#### [Task]
From the line that contains "Never-Rust Aluminum Outdoor" to the final line of the entries, return every line exactly and leave out all others.

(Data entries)
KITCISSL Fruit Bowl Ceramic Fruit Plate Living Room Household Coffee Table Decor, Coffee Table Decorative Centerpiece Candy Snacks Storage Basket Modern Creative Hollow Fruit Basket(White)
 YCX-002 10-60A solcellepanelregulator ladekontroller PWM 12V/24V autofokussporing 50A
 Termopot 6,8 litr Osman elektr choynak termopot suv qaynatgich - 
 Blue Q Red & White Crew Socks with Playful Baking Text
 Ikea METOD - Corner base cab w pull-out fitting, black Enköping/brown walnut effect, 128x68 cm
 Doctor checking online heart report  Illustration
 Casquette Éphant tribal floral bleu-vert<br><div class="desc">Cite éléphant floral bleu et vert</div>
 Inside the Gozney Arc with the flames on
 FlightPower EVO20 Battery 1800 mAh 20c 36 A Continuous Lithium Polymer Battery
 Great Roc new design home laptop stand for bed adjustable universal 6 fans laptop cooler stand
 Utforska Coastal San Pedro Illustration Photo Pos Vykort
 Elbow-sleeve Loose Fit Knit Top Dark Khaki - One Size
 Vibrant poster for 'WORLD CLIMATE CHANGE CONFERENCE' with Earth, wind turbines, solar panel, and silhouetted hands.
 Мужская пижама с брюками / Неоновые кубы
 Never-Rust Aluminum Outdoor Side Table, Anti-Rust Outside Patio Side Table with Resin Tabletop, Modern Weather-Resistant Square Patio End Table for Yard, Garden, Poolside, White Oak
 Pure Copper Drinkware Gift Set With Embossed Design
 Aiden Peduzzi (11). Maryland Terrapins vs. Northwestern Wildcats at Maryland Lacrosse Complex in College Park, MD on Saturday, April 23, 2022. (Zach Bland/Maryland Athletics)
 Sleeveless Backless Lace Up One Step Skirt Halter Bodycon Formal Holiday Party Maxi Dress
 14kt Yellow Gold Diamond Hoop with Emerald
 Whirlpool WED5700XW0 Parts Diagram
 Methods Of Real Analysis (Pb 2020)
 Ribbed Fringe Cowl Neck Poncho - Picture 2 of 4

#### [Response to the task]
 Never-Rust Aluminum Outdoor Side Table, Anti-Rust Outside Patio Side Table with Resin Tabletop, Modern Weather-Resistant Square Patio End Table for Yard, Garden, Poolside, White Oak
 Pure Copper Drinkware Gift Set With Embossed Design
 Aiden Peduzzi (11). Maryland Terrapins vs. Northwestern Wildcats at Maryland Lacrosse Complex in College Park, MD on Saturday, April 23, 2022. (Zach Bland/Maryland Athletics)
 Sleeveless Backless Lace Up One Step Skirt Halter Bodycon Formal Holiday Party Maxi Dress
 14kt Yellow Gold Diamond Hoop with Emerald
 Whirlpool WED5700XW0 Parts Diagram
 Methods Of Real Analysis (Pb 2020)
 Ribbed Fringe Cowl Neck Poncho - Picture 2 of 4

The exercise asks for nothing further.